Curtain wall glazing and a sophisticated LED lighting system provide an animated display that can be changed for different promotions and festivals.
While the circulation planning was designed by DP Architects, the conceptual plan for the interior design was carried out by Callison Architecture of Seattle. This was then fine-tuned by TID Associates in Singapore. Lionel Ong of TID says DFS wanted the store to provide a Singaporean experience for tourists. To this end, each floor highlights a different aspect of the country's cultural heritage.
"While shoppers can simply wander into the ground floor, tourist groups are introduced to the building through an entrance at the rear," he says.

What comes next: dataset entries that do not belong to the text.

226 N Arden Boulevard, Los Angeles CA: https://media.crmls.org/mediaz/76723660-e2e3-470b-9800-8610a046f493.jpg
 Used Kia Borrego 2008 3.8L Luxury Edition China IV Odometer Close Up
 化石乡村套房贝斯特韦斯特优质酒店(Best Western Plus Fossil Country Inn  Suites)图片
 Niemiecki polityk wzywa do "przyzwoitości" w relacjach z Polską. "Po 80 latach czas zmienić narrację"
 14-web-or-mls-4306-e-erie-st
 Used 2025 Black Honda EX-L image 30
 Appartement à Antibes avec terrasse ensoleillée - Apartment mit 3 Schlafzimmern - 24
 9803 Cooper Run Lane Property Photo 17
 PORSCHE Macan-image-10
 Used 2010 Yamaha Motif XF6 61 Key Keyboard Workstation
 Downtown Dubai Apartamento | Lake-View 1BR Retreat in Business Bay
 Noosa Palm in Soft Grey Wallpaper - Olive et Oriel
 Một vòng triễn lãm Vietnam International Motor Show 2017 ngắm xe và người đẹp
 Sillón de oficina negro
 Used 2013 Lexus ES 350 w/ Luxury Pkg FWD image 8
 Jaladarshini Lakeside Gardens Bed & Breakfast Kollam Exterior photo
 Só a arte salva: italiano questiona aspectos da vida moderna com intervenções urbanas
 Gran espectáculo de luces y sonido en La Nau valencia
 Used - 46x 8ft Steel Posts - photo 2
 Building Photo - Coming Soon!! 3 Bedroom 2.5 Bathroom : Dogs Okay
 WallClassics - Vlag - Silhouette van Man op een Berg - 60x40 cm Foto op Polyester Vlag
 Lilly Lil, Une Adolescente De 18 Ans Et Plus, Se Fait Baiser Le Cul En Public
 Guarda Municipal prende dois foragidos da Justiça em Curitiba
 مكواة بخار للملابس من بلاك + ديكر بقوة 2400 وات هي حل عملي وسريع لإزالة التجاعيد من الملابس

From here, they are directed up the longest escalator in Singapore to the fourth floor. Visitors get a good overview of the complex while travelling on the escalator, which passes through an atrium flanked by a textural rock wall and timber panels.
The fourth floor, often called the Zen garden floor, continues the tropical feel, with garden landscaping visible through a long, glazed wall. On this floor the product mix is focused on small luxury items such as leather goods, watches and fine jewellery. Timber panelling, sisal carpets and natural quartz floors with timber inserts enhance the natural ambience. A large skylight allows light to penetrate the space by day, while mood lighting provides an intimate atmosphere by night.
Colonial Singapore comes to the fore on the third level, which showcases the name-brand fashion houses. This floor also features a gourmet food outlet, a cafe and an art gallery.
"To establish an air of luxury, the design follows the old colonial interiors, marrying decorative themes from the old black-and-white bungalows as well the historical Raffles Hotel," says Ong.